I'm trying to self-learn network analysis. It is very abstract to me how a negative network can be constructed based on the formula of Modularity. Version 1 or Version 2.
Version 1: $Q=\frac{1}{2m} \sum \limits_{i,j}\left(A_{ij} - \frac{k_i k_j}{2m}\right)\delta(c_i,c_j)$
Version 2: $Q=\sum \limits_{c=1}^{n_c}\left(\frac{l_{c}}{m} - \left(\frac{d_c}{m}\right)^2\right)$
By definition from the original paper: https://arxiv.org/pdf/0803.0476.pdf:
Version 1, $m$ is defined as $\frac{1}{2}\sum \limits_{i,j}A_{ij}$ where $A_{ij}$ represents the weight of the edge between i and j, thus $\frac{_}{2} $is the average fraction of this weight that would be assigned to node j or the marginal probability of j.
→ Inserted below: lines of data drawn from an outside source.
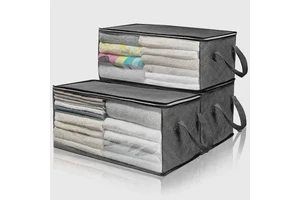 Wardrobe Organizer Bag - Suitable for Organizing Bedding and Clothing, Foldable Cloth Organizer Bag with Window, Lid and Zipper.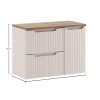Set mobilier de baie Nova Cashmere, MDF, PAL melaminat, cashmir mat, blat stejar evoke, L.80 cm, SET-NOC B OAK 80CM LC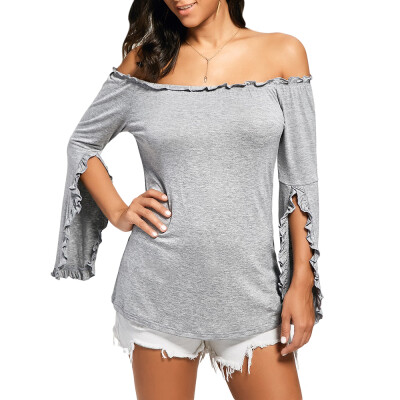 

Off The Shoulder Bell Sleeve T-Shirt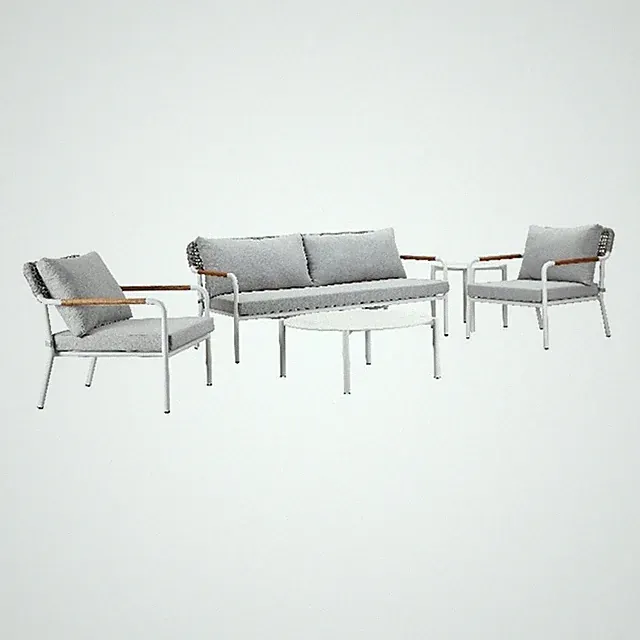 Pemberly Row 5-Piece Modern Aluminum Sofa Set in Gray Finish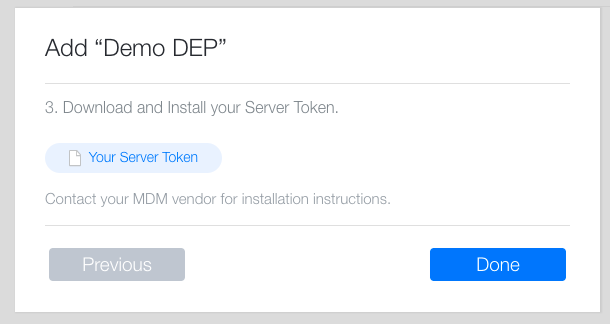 DEP - Download Server Token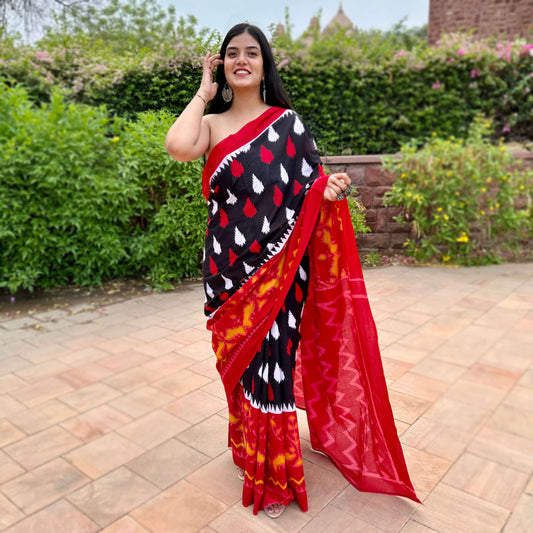 latest fashion designer black maroon red cotton saree with geometrical floral motifs hand block prints made in india online shopping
$k_i$ and $k_j$ are defined as $\sum \limits_{i or j}A_{iorj}$ as the sum of the weights of the edges attached to vertex i or j.
Version 2, $n_c$ is the number of clusters, $l_c$ is the sum of edges joining vertices in module c, and $d_c$ is the sum of the degrees of the vertices of c.
How should I account for the randomized part? Could anyone provide the matrix of a negative modularity network? .
Thank you!